In selber Weise gehe ich aber auch bei dir, liebe Leserin, lieber Leser, davon aus, dass du, je intelligenter du bist, je mehr Vorrechte du hast, je mehr Optionen dir offen stehen, — auch, wenn du dir diese neuen Optionen selbst erarbeitet hast — , je mehr Fähigkeiten dir innewohnen, je mehr Geld du verdienst und je besser es dir geht, dir umso stärker dein Pflichtenkorsett schnüren solltest, wie es eben Sitte beim Kaiser gewesen ist. Vermutlich kannst du mittlerweile schneller reisen, als er es sich jemals hätte träumen lassen; hast eine Lebensmittelauswahl im Supermarkt, die seine Augen groß werden ließe, und die Fülle an Informationen, die dir im Internet und in Bibliotheken zur Verfügung steht, ist etwas, das keinem Adligen vor wenigen hundert Jahren irgendwie möglich gewesen wäre. All das spielt für mich zusätzlich mit in meine Überzeugung, dass du an dich und wir an uns höhere Anforderungen stellen sollten als du es aller Wahrscheinlichkeit nach aktuell tust.

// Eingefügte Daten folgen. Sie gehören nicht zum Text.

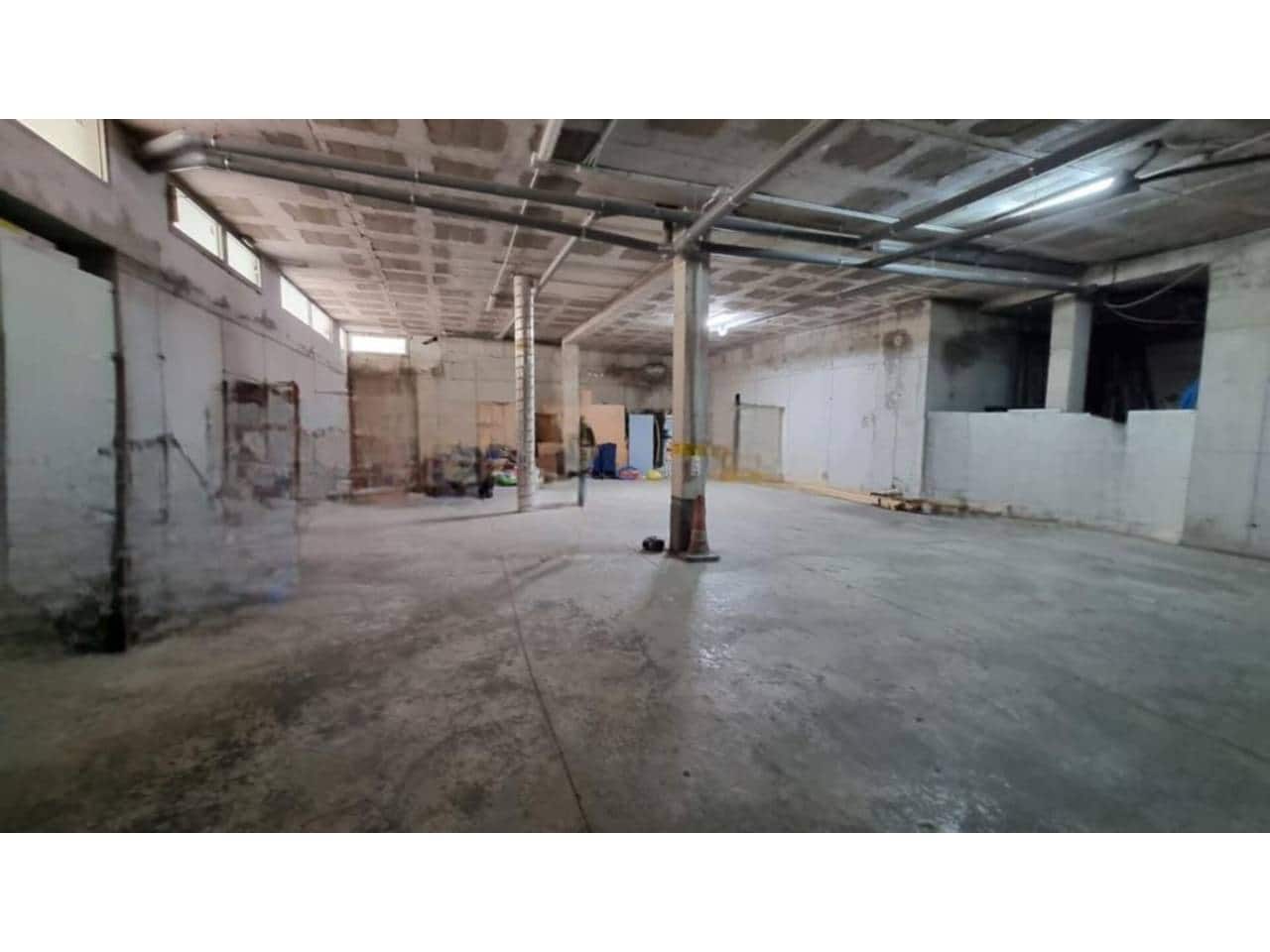 Chalet de 8 habitaciones en Alfaz del Pi / L'Alfàs del Pi en venta con piscina garaje - 1.890.000 € (Ref: 7913634)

Das ist also die erste Faustregel, die in diesen Beitrag soll: spann dir dein Korsett — und spann es beinah so fest, wie eine junge Dame der Pariser Gesellschaft im 19. Jahrhundert: für die Wespentaille müssen wir uns leider zunächst so aushelfen, bis wir vielleicht einst die gesellschaftlichen Fortschritte machen, dass es dieses groteske Ding nicht mehr braucht. Hoffentlich. Und wenn es dir hilft, dann ersetz das Korsett mit Fitnessstudiobesuchen und die Wespentaille mit dem V-Kreuz … oder wie auch immer gearteten Rundungen — solange es für dich funktioniert, soll mir das alles recht sein.
Marco
Weiter geht es auf meinem Blog.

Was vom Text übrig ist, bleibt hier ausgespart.